*** Task data ***

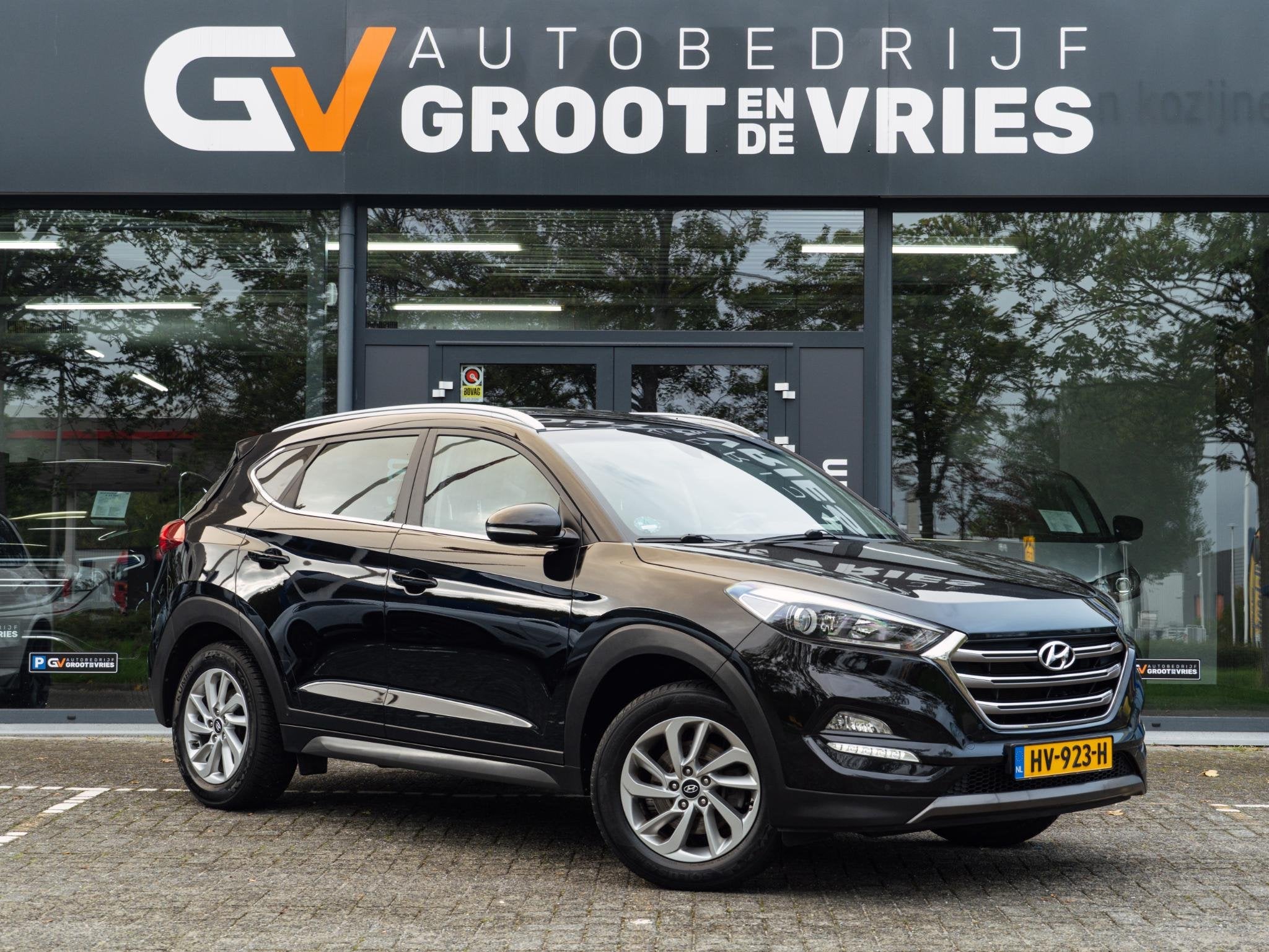 Hyundai Tucson 1.6 GDi Comfort|Orig NL|Navi|Trekhaak|Camera, Auto's, Voorwielaandrijving, Stof, Gebruikt, 4 cilinders
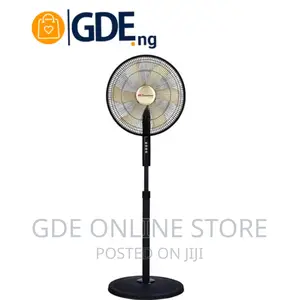 Binatone Fan 18 6blades Standing Black Ital-1660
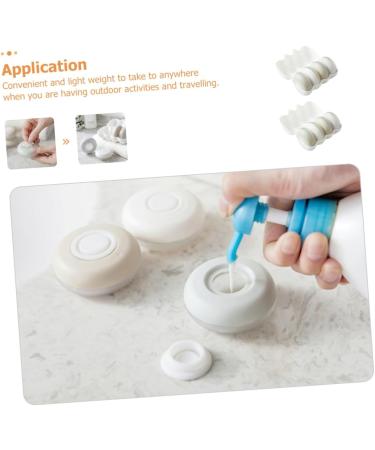 Didiseaon 2 Sets Push Type Lotion Bottle Hand Soap Container Pump Bottle Dispenser Hand Soap Bottle Liquid Dispenser Jar Refillable Liquid Container Portable Pp Travel Hand Bottle - Buy Online on GoSupps.com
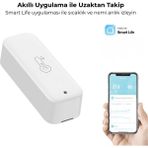 Yeco Wifi Akıllı Sıcaklık ve Nem Sensörü, Tuya Uyumlu, Uygulama Kontrollü, Pilli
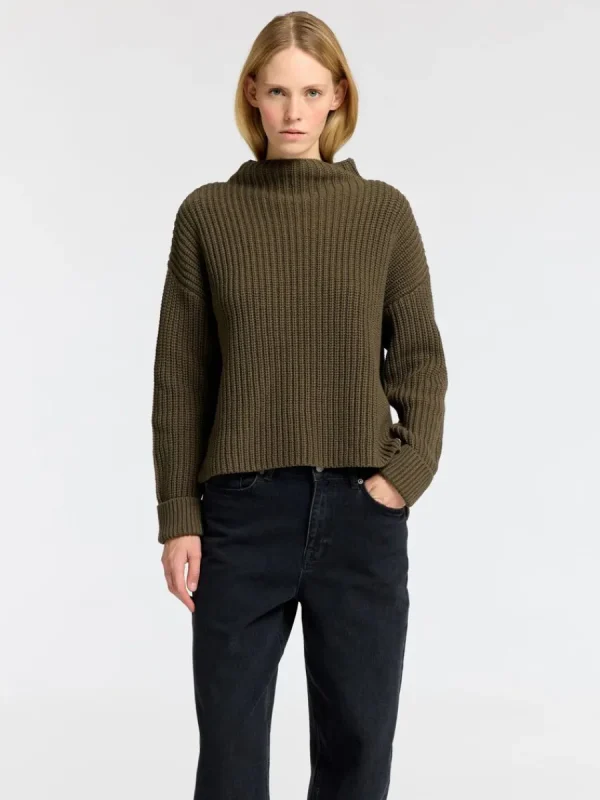 SELECTED ÖVERDIMENSIONERAD TRÖJA Green Flash Sale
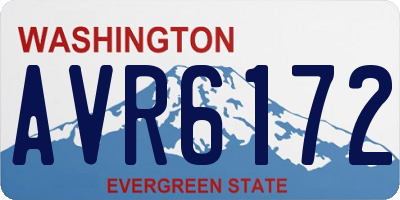WA license plate AVR6172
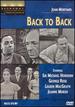 Back to Back (Broadway Theatre Archive)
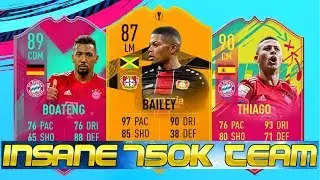750K SQUAD BUILDER FIFA 19 | BEST 750K HYBRID FIFA 19 | FIFA 19 SQUAD BUILDER!!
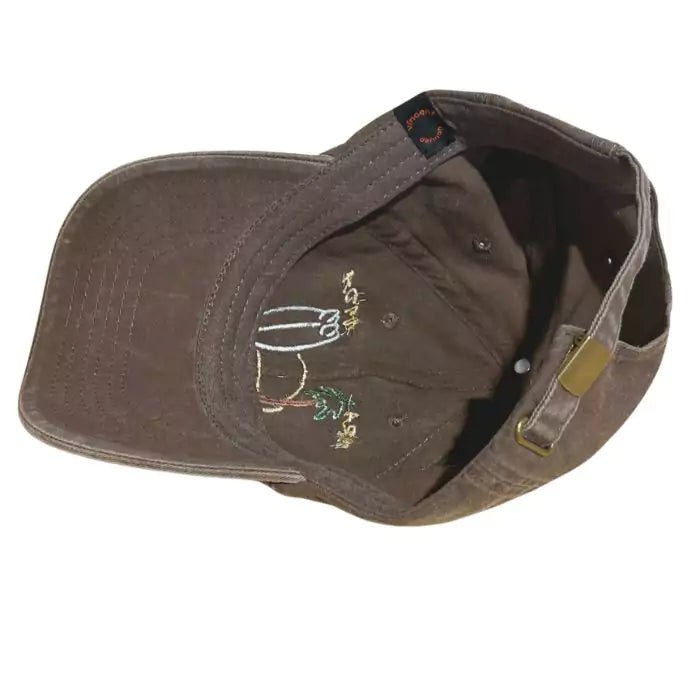 vintage embroidered washed brown baseball cap pura vida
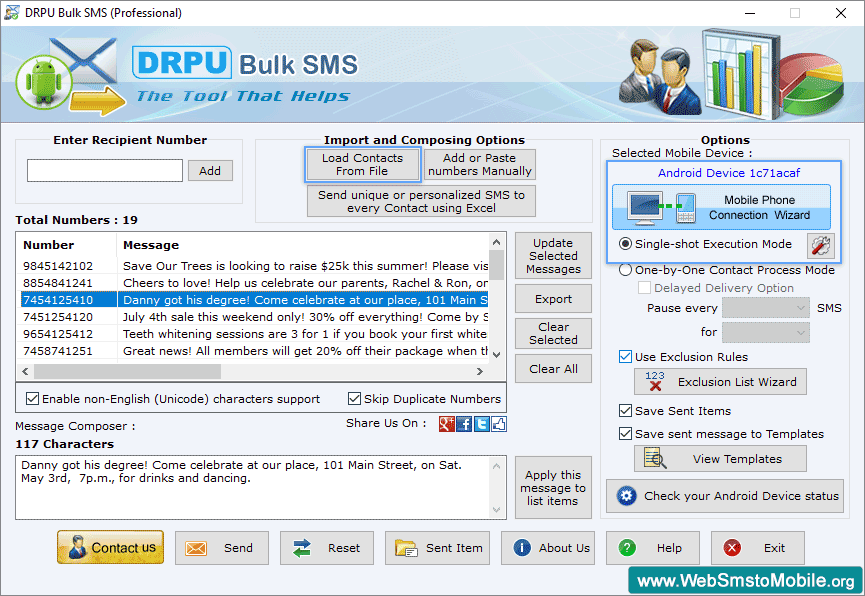 Bulk SMS Software – Professional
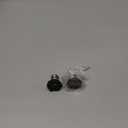 uxcell 2pcs Toilet Button Pusher, Toilet Tank Button, Crystal Toilet Flush Button Helper Pusher for Women Long Nail Black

*** End of Task data ***

Work task. If a picture appears among the records, leave it out, and otherwise reproduce exactly every line from the first line through the one with "SELECTED ÖVERDIMENSIONERAD TRÖJA", both included.

Answer section.
 Hyundai Tucson 1.6 GDi Comfort|Orig NL|Navi|Trekhaak|Camera, Auto's, Voorwielaandrijving, Stof, Gebruikt, 4 cilinders
 Binatone Fan 18 6blades Standing Black Ital-1660
 Didiseaon 2 Sets Push Type Lotion Bottle Hand Soap Container Pump Bottle Dispenser Hand Soap Bottle Liquid Dispenser Jar Refillable Liquid Container Portable Pp Travel Hand Bottle - Buy Online on GoSupps.com
 Yeco Wifi Akıllı Sıcaklık ve Nem Sensörü, Tuya Uyumlu, Uygulama Kontrollü, Pilli
 SELECTED ÖVERDIMENSIONERAD TRÖJA Green Flash Sale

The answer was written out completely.